1. ## Help with logs

Could somebody please help a middle aged student who hasn't done any 'proper' maths for 25 years (and is starting to remember why he preferred English lessons) with this problem where I need to express with $\displaystyle x$ as the subject? I have the answer but mine doesn't match it

Many thanks

$\displaystyle z=e^{x^2}{^/}{^2}$

2. Well, let's learn one more thing...

You obviously know a logarithm is needed, so I'll give you this step.

$\displaystyle ln(z)\;=\;log_{e}(z)\;=\;\frac{x^{2}}{2}$

Now what?

3. OK so

$\displaystyle x=\sqrt2log_{e}z$

Which is the correct answer. How though did you get to that first stage? What am I not seeing - apart from the blindingly obvious, before you say it.

4. Originally Posted by cistudent
OK so

$\displaystyle x=\sqrt2log_{e}z$

Which is the correct answer. How though did you get to that first stage? What am I not seeing - apart from the blindingly obvious, before you say it.
If a^x = b then $\displaystyle x = \log_a{b}$

This formula is used to convert index form to log form.

5. I must be stupid. I'm still not getting it. Can you explain as if you were telling this to somebody who started his 'log chapter' today. Which I did, I hadn't even heard of $\displaystyle e$ before this afternoon.

Thanks

6. Originally Posted by cistudent
I must be stupid. I'm still not getting it. Can you explain as if you were telling this to somebody who started his 'log chapter' today. Which I did, I hadn't even heard of $\displaystyle e$ before this afternoon.

Thanks
OK. I hope you know $\displaystyle {a^m}\time{a^n} = a^(m+n)$
and \frac{a^m}{a^n} = $\displaystyle a^(m-n)$

10^0 = 1

10^1 = 10

Then 5 = 10^x, where value of x will be some where between 0 and 1.

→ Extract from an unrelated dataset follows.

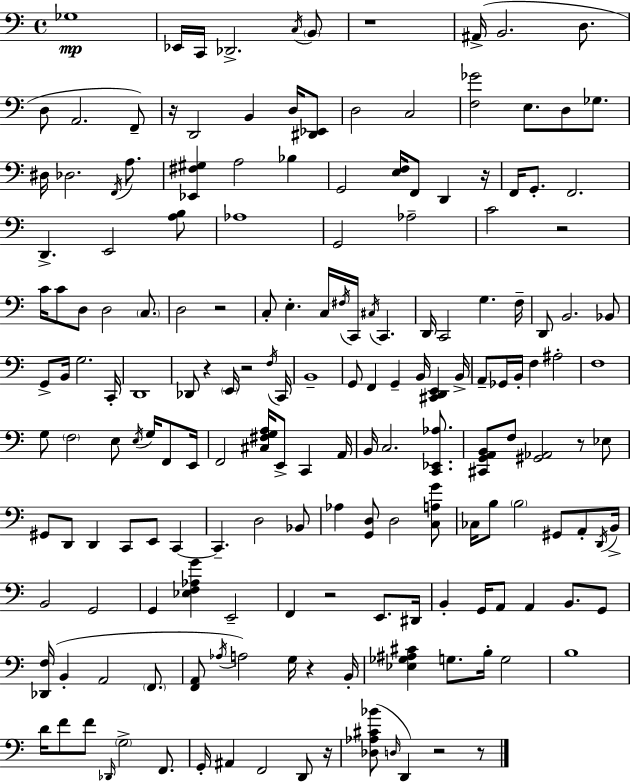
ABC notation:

In the calculator find log(5), you will see 0.6990.

That means 10^(0.6990) = 5.

It is written as $\displaystyle log_{10}{5} = 0.6990$

7. Nope! I'm still banging my head against the wall here. Could somebody take me through it step by step and explain each step. It's after 3.00am here and I can't sleep until I get this clear in my head

8. Take the log of both sides. log(e)^a = a

log and e^ and inverses of each other.

log(z) = log(e^(x^2/2))= (x^2)/2

9. By definition, a logarithm is the inverse of an exponential. So logarithms undo exponentials and exponentials undo logarithms.

In other words:

If $\displaystyle y = a^x$ then $\displaystyle \log_a{y} = x$ where $\displaystyle a$ is any base.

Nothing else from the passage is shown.